# [What you are asked to do]
What do the lines say, reproduced word for word, from the first of the entries below through the line bearing "Death Valley National"?
Start of Block
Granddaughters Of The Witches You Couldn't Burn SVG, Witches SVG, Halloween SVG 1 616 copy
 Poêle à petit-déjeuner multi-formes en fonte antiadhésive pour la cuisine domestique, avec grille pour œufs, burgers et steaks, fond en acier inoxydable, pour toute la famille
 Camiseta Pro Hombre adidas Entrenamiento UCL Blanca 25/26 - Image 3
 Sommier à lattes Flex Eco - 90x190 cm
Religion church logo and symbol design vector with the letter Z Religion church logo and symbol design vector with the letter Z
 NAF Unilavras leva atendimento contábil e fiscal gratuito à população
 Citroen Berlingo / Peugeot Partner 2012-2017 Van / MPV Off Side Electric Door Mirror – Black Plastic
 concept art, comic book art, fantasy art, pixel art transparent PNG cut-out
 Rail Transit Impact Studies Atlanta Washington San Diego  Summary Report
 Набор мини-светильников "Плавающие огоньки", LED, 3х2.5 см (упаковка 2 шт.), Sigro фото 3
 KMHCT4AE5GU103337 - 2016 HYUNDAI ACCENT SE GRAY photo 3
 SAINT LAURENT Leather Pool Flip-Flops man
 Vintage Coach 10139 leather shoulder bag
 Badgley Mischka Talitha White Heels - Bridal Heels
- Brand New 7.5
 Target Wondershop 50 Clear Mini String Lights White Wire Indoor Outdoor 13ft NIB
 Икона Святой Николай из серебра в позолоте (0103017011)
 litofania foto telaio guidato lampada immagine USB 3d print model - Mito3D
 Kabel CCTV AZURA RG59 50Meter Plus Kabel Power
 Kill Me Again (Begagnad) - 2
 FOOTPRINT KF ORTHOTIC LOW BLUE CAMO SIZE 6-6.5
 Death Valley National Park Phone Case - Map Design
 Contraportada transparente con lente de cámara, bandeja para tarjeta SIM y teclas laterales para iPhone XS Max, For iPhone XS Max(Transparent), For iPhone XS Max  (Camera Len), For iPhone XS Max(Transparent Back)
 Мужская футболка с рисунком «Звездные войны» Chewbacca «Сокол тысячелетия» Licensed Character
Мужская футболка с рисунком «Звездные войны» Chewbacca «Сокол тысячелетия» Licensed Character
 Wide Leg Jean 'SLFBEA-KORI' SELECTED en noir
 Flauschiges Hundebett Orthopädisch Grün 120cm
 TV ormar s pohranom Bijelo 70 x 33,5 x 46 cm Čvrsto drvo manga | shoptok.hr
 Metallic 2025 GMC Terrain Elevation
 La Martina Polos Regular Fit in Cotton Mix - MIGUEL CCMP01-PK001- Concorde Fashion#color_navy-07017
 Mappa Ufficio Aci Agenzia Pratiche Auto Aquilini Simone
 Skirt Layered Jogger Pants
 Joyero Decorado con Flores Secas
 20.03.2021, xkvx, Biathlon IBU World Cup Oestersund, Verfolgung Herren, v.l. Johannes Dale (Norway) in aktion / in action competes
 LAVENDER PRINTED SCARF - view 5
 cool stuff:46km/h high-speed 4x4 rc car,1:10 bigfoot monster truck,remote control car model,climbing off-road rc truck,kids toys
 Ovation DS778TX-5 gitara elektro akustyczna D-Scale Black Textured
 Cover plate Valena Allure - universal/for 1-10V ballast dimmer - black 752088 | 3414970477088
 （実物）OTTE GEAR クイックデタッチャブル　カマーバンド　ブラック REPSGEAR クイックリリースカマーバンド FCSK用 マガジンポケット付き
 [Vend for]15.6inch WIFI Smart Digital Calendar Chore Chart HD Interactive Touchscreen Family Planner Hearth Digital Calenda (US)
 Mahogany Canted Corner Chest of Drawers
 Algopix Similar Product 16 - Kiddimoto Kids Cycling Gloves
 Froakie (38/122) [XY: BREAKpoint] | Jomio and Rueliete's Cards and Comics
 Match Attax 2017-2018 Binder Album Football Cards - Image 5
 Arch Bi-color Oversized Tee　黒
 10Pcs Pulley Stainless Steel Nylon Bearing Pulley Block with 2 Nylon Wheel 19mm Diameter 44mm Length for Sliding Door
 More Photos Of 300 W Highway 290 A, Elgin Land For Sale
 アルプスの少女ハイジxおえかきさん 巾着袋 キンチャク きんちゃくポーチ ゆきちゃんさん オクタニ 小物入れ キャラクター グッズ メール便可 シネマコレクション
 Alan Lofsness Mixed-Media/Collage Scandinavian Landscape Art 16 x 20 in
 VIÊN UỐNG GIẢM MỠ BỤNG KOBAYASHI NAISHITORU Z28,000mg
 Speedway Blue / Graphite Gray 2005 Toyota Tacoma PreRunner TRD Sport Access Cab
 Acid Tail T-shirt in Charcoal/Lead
End of Block
# [The answer]
Granddaughters Of The Witches You Couldn't Burn SVG, Witches SVG, Halloween SVG 1 616 copy
 Poêle à petit-déjeuner multi-formes en fonte antiadhésive pour la cuisine domestique, avec grille pour œufs, burgers et steaks, fond en acier inoxydable, pour toute la famille
 Camiseta Pro Hombre adidas Entrenamiento UCL Blanca 25/26 - Image 3
 Sommier à lattes Flex Eco - 90x190 cm
Religion church logo and symbol design vector with the letter Z Religion church logo and symbol design vector with the letter Z
 NAF Unilavras leva atendimento contábil e fiscal gratuito à população
 Citroen Berlingo / Peugeot Partner 2012-2017 Van / MPV Off Side Electric Door Mirror – Black Plastic
 concept art, comic book art, fantasy art, pixel art transparent PNG cut-out
 Rail Transit Impact Studies Atlanta Washington San Diego  Summary Report
 Набор мини-светильников "Плавающие огоньки", LED, 3х2.5 см (упаковка 2 шт.), Sigro фото 3
 KMHCT4AE5GU103337 - 2016 HYUNDAI ACCENT SE GRAY photo 3
 SAINT LAURENT Leather Pool Flip-Flops man
 Vintage Coach 10139 leather shoulder bag
 Badgley Mischka Talitha White Heels - Bridal Heels
- Brand New 7.5
 Target Wondershop 50 Clear Mini String Lights White Wire Indoor Outdoor 13ft NIB
 Икона Святой Николай из серебра в позолоте (0103017011)
 litofania foto telaio guidato lampada immagine USB 3d print model - Mito3D
 Kabel CCTV AZURA RG59 50Meter Plus Kabel Power
 Kill Me Again (Begagnad) - 2
 FOOTPRINT KF ORTHOTIC LOW BLUE CAMO SIZE 6-6.5
 Death Valley National Park Phone Case - Map Design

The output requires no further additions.